» INFORMATION GIVEN
--- START ---

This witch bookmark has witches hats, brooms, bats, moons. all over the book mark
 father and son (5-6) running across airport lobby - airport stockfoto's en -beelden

--- END ---
--- START ---

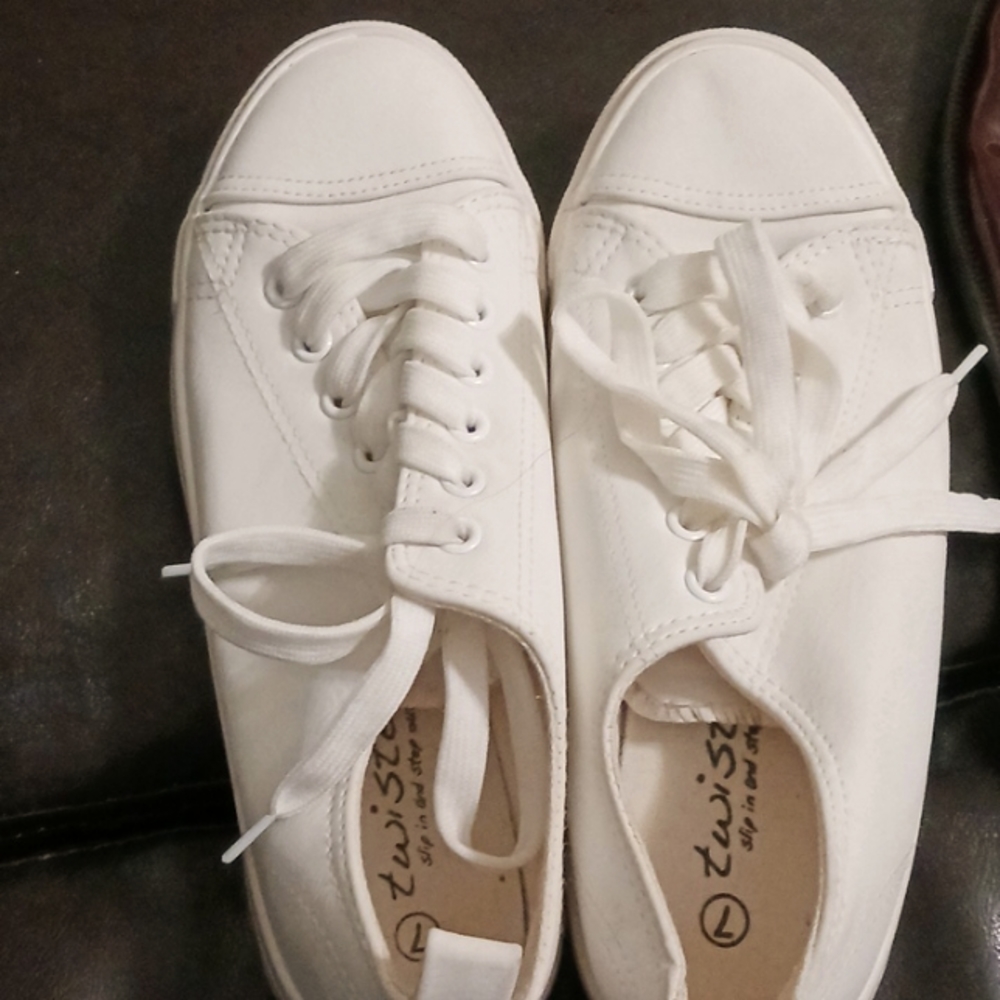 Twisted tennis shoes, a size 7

--- END ---
--- START ---

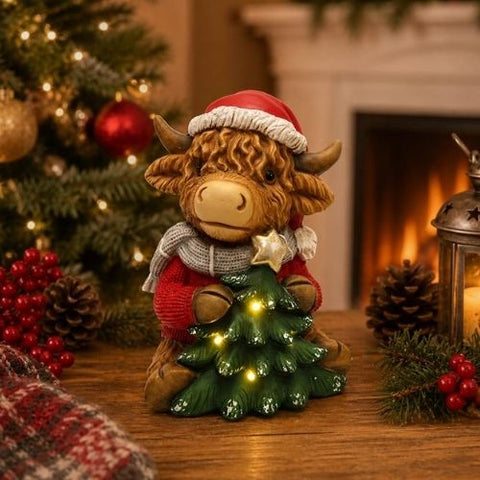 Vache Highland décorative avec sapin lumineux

--- END ---

Taking the entries above, print exactly the lines starting at the line with "This witch bookmark" and ending at the line with "father and son", both included.

» RESULT
This witch bookmark has witches hats, brooms, bats, moons. all over the book mark
 father and son (5-6) running across airport lobby - airport stockfoto's en -beelden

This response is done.